**ABOUT THIS TASK:** The lines to copy run from the one containing "Let's talk about" to the last line of the entries; output those lines exactly and only them, without pictures.

**SOURCE RECORDS:**
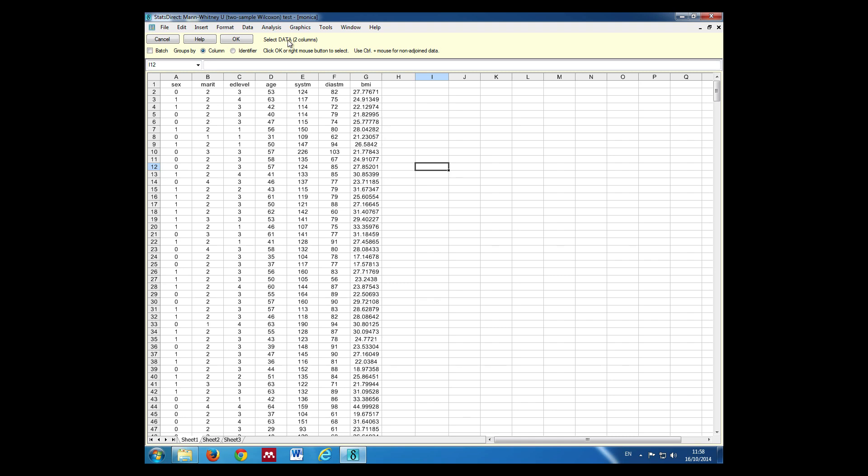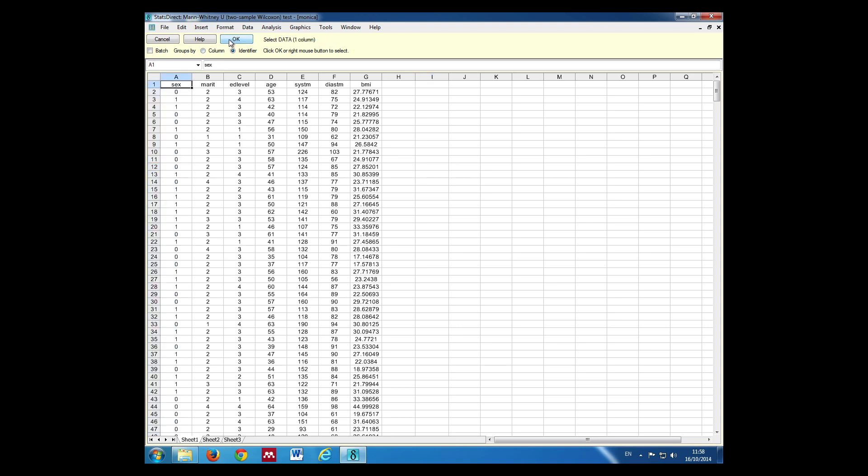We don't want to select two columns of data in this case because we're using group identifiers. Click Identifier. This gives us our group identifier, which is sex. Then our data, which is age.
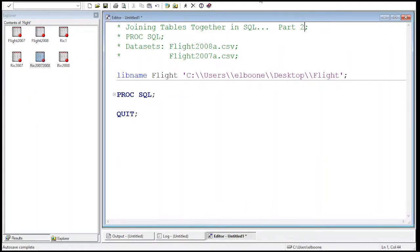Welcome to the SAS video tutorial of joining tables together in SQL part two. Last time we created some tables using the flight 2008.csv dataset and the flight 2007 dataset as well. Now what we're going to do is keep using these datasets to join these tables together in more interesting ways. We did a very simple join before, and students are often quite confused about it, so seeing a couple of examples really helps them think through it.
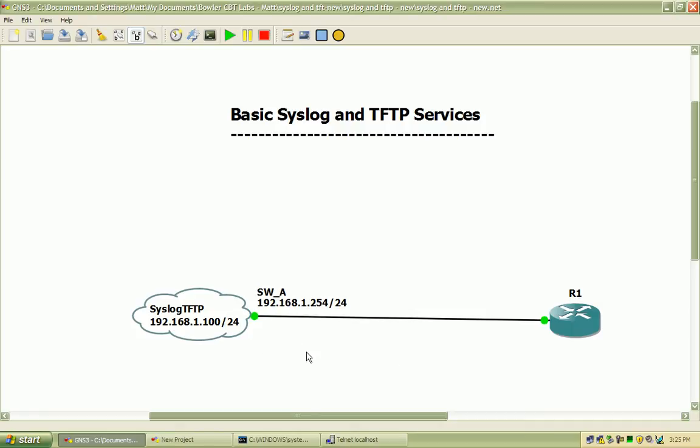The TFTP can be used for several different things. It's good for backing up files like configurations, iOS images, as well as flashing phones when you're doing voice, running Cisco phones. That's something that we'll get into later in one of the voice series but there's a lot that you can do with it.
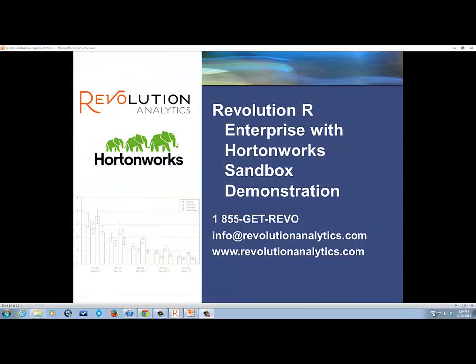Thank you very much for your time today, as we have reviewed how to use Revolution R Enterprise with the Hortonworks sandbox. If you have any follow-up questions, please contact us at RevolutionAnalytics.com. Thank you.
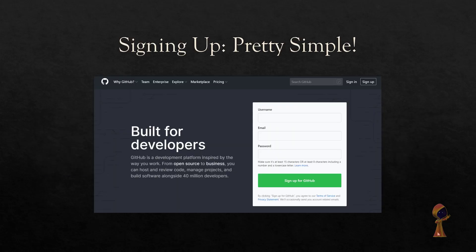If you want to sign up for GitHub, it's quite simple. You go to the website and search for GitHub, and you simply provide a username — if it's available they'll allow you — then give an email and a password, and that's it. You sign up for GitHub.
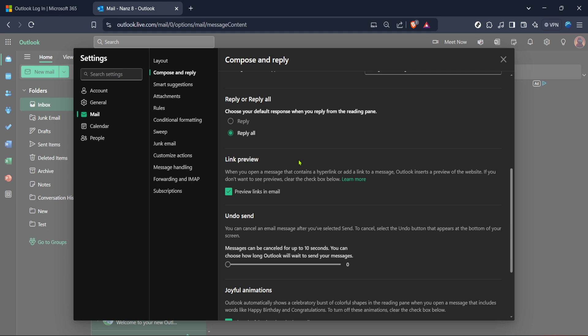With these simple steps, you should now have all your Outlook email links opening directly in Chrome, streamlining your workflow and keeping all your web browsing activities in one place. Thanks for watching and happy browsing.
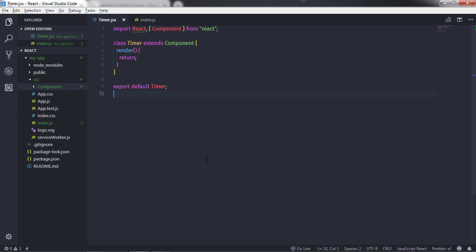Hey everyone, welcome to the React course. In this lecture we will take another example of the state attribute of the component class. We will simply create a clickable button and increase the value of the state attribute when we click on the button.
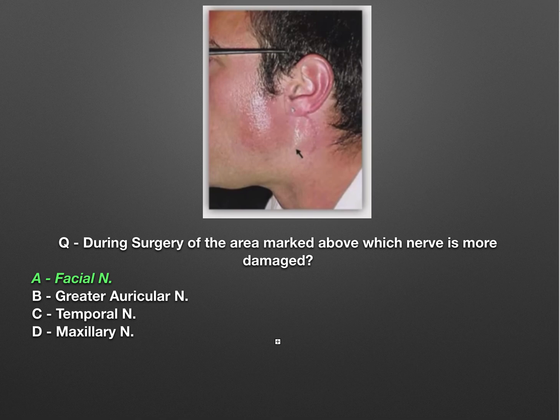Many more parts covering image-based questions from NEET PG 2019 are coming, so stay tuned. Hope this is helpful for your exam preparation. Thank you.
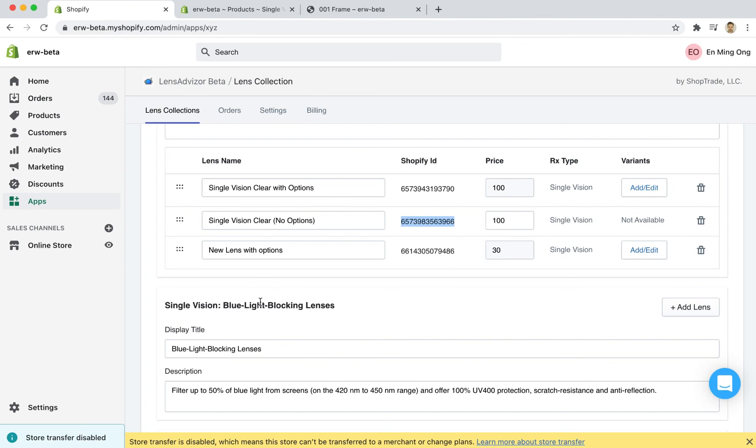I hope that that was useful in understanding how to create variants for lens products. This allows you to create custom checkout flow with lens options for your customers. Let us know if you have any questions. We're always available. Thanks.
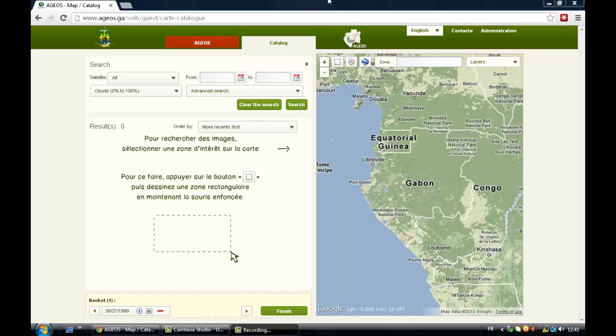Hi, I would like today to introduce you to a new website. It's a geoportal that has been recently launched by the Gabon National Spatial Observation Agency.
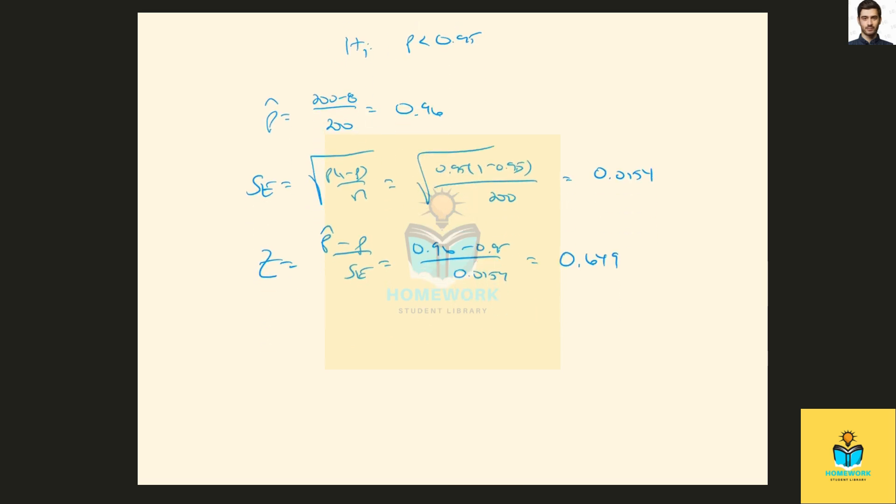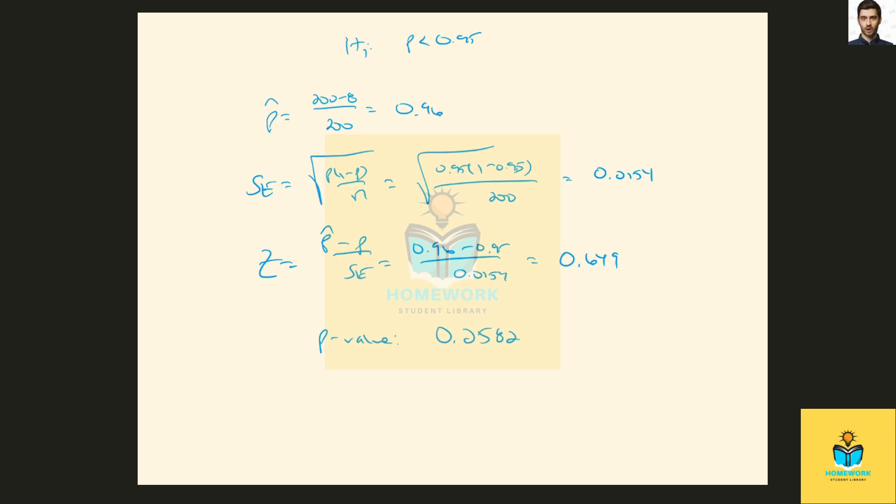And to find the p-value from a z-score, you can go to the z-distribution table or p-value calculator, but it would be one tail and the p-value would be 0.2582, which would allow us to not reject the null hypothesis. There is not sufficient evidence, which could then mean that the manufacturer's claim is correct.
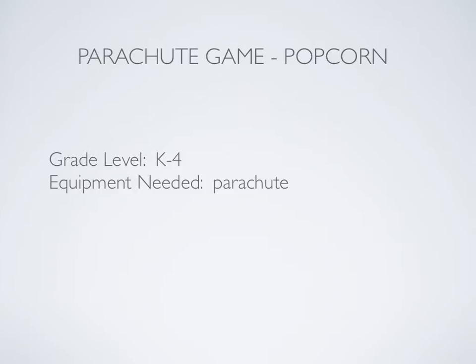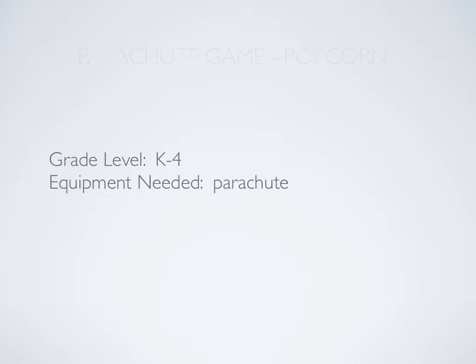Hey everyone, here's a really simple parachute game called Popcorn for grades K-4, and all you need is the parachute.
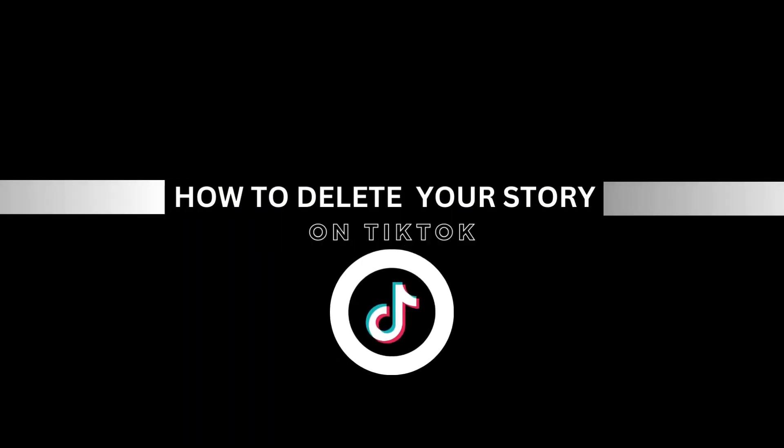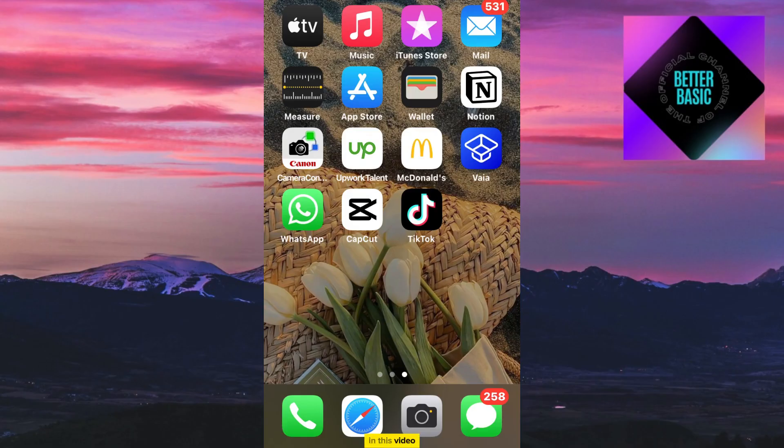How to delete your story on TikTok. In this video, I will show you how to delete a story on TikTok.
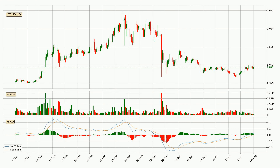In general, the larger timeframes have a greater impact on the price, so please remember that when we display different timeframes with different indicators. Also, the shorter timeframes are only representative for short-term trading.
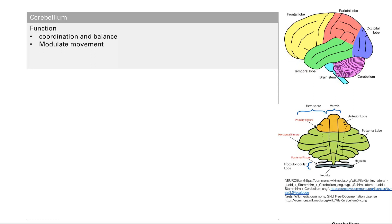Let's talk about the cerebellum now. A couple basic functions, including coordination and balance, and then movement modulation.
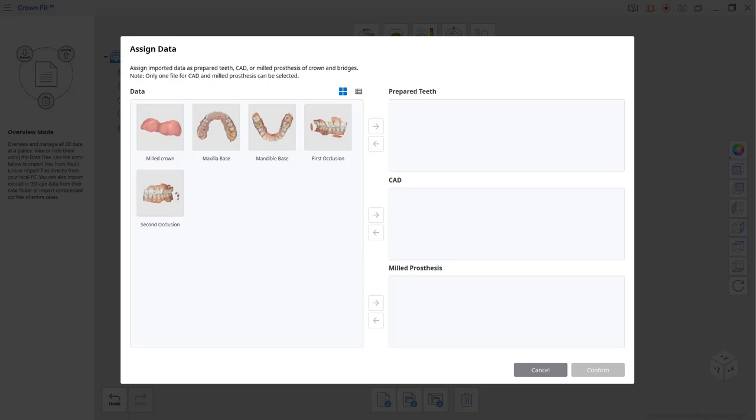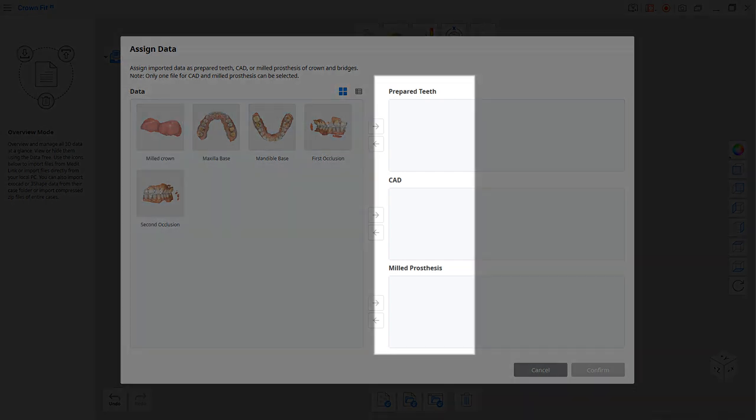To use the crown fit, you will need an oral scan, CAD data and milled crown scan data to proceed. If you do not have or cannot get the CAD data, you still can check the internal fit checkup without it.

**EXERCISE RESULT:**
Let's talk about the cerebellum now. A couple basic functions, including coordination and balance, and then movement modulation.
To use the crown fit, you will need an oral scan, CAD data and milled crown scan data to proceed. If you do not have or cannot get the CAD data, you still can check the internal fit checkup without it.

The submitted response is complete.